What the plan calls for

• A streetcar right-of-way on the St. Clair West 512 line from Yonge to Gunns Road (west of Keele)

The cost : $32 million, $20 million of which is money already set aside for track repairs.

Money for nothing?

• Currently, the St. Clair West car carries about 32,000 passengers a day. That ranks second only to the Spadina line in passengers per kilometre, and fourth in passengers per vehicle hour.

• During the busiest travel times, the 512 car carries 57 per cent of all people travelling on St. Clair.

What proponents say

• A right-of-way would mean more reliable service and end the frequent short-turns (an average of 22 a day in 2002) that strand folks, forcing them to board another car.

Why this thinking is off-track

• The total number of hours the streetcar was delayed for all reasons in 2002 – by collisions, construction and maintenance, breakdowns and emergency vehicles blocking the tracks – was 338. That’s less than 1 per cent of the total hours of operation.

The other argument for the plan

• A dedicated lane will provide opportunities for street beautification and design features that will increase property values.

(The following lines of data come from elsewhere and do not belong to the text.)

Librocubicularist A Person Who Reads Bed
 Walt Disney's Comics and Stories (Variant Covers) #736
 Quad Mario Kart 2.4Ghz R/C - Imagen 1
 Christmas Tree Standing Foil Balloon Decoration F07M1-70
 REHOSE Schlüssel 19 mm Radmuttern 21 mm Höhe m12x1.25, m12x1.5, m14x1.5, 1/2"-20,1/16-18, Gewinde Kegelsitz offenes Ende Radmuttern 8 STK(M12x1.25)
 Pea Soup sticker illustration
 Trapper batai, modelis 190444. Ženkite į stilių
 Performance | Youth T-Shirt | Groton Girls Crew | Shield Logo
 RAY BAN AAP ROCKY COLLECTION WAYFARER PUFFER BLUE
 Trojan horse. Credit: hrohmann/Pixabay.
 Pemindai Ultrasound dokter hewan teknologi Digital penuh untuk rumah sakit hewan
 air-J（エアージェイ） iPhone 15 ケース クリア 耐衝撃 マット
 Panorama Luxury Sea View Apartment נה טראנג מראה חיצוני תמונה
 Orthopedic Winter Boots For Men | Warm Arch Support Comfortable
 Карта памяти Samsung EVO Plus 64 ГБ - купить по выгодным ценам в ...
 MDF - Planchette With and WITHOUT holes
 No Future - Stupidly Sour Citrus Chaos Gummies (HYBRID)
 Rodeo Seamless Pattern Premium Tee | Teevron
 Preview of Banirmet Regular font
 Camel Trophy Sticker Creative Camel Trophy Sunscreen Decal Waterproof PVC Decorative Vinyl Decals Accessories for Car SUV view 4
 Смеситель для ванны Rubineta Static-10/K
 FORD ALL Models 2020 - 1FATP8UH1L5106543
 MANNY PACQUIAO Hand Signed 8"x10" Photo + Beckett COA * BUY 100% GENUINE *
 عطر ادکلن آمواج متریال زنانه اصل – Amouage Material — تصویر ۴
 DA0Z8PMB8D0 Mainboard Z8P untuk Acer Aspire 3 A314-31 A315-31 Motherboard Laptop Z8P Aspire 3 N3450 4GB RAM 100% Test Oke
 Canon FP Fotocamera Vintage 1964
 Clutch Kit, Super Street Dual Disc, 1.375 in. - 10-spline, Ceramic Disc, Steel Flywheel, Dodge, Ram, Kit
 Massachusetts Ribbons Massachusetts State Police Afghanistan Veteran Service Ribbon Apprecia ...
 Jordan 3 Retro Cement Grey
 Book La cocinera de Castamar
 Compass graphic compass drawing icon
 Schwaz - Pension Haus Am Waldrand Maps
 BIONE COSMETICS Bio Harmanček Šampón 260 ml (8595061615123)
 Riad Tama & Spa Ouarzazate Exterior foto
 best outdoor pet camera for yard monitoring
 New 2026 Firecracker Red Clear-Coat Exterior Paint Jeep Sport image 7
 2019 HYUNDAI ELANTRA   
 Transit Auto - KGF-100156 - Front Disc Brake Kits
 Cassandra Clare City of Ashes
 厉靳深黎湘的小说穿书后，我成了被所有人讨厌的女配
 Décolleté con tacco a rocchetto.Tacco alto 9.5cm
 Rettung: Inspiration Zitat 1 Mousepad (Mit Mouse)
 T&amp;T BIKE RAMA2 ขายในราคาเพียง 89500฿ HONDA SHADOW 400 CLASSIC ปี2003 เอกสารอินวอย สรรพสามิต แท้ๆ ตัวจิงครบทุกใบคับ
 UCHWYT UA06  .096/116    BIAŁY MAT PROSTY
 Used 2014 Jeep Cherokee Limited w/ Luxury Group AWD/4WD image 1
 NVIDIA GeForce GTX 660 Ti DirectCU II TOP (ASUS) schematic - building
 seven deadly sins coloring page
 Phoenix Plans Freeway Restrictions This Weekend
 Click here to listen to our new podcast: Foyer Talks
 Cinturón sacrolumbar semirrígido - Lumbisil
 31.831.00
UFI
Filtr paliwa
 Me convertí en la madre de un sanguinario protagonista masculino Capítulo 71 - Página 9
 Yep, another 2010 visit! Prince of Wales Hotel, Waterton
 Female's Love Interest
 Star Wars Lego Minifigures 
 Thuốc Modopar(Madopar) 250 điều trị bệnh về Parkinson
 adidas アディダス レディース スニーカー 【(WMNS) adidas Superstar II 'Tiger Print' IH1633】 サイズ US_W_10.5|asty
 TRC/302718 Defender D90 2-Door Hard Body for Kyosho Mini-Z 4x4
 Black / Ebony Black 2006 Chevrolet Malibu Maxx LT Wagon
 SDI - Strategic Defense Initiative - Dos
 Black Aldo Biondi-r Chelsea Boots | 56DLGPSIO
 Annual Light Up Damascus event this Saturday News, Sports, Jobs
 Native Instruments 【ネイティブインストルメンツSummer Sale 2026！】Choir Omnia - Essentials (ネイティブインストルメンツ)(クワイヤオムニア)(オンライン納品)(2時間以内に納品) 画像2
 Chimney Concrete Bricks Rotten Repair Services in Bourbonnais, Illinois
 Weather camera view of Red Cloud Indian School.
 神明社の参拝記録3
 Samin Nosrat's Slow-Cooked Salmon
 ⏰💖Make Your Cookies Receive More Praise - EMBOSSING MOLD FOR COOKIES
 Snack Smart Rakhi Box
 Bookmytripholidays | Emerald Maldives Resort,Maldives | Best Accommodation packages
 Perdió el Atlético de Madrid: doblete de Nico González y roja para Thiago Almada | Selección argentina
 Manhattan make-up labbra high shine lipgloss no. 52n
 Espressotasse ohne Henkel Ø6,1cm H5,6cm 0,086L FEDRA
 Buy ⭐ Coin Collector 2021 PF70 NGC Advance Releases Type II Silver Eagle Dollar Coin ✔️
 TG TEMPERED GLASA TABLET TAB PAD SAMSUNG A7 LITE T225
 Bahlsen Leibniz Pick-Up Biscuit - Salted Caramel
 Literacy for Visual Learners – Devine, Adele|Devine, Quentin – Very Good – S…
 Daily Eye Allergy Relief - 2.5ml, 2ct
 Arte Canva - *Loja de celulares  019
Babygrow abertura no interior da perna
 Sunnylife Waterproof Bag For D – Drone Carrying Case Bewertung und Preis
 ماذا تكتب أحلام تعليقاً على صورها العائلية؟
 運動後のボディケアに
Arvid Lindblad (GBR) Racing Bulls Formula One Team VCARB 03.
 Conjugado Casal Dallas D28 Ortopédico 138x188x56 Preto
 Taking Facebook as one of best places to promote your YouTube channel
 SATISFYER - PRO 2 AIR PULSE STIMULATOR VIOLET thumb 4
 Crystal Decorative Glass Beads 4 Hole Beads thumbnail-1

Why this thinking is off-track

• Unlike Spadina’s, the St. Clair right-of-way will not be wide enough to incorporate public art or other design features.

• The narrowing of sidewalks by 1.5 metres to make room for parking will actually require the removal of trees.

Business fears

• The plan will discourage customers, many of whom come to shop from outside the area and rely on street parking.

The logic of proponents

• Supporters admit a right-of-way will increase traffic congestion – but that, they say, is what would eventually convince car drivers to switch to public transit and create a more vibrant commercial strip.

Why the plan is nuts

• It will only save riders an average one to two minutes per trip. Whoopie.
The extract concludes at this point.